- Culture
- 01 Jun 06
Few will deny that director Paul Greengrass has achieved the near impossible in adding a fresh sense of horror to Flight 93’s awful fate.
Long before Paul Greengrass (Bloody Sunday, Omagh, The Bourne Supremacy) recreates the final horribly gripping moments aboard Flight 93, the plane doomed to crash-land in Pennsylvania on September 11th, 2001, small portentous moments already seem barbed – an old lady sits with now verboten knitting needles while the lax security on the flight gate seems to belong to a greatly distant past.

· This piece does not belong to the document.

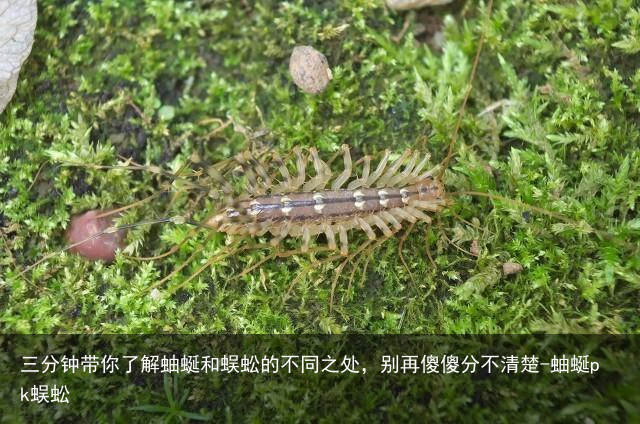 三分钟带你了解蚰蜒和蜈蚣的不同之处，别再傻傻分不清楚-蚰蜒pk蜈蚣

Featuring relatively unknown actors cast for resemblance to each of the individual passengers that day and utilizing recollections from family members, the director paints in humanist strokes. The former athletes onboard – Todd Beamer, Mark Bingham, Tom Burnett – are inevitably depicted leading the final charge on the cockpit, but all are given a fitting memorial. Some attempt to treat the wounded. Stewardesses hand out knives and boiling water as weapons. All are listed during the final credits.
Having already adapted his frenzied docu-dramatic style for a boy’s own genre, we should not be to surprised that Greengrass renders these events in a perversely thrilling manner. Still, there’s a fright to be had when his unnerving grasp of film grammar leaves you rooting for the passengers against all hope.
Conspiracy nuts may not be pleased to find no mention of white jets or meticulous fidelity to the 9/11 commission report. Some might reasonably be discomfited by the entirely speculative nature of the parts of the screenplay. Few, however, will deny that Greengrass has achieved the near impossible in adding a fresh sense of horror to Flight 93’s awful fate.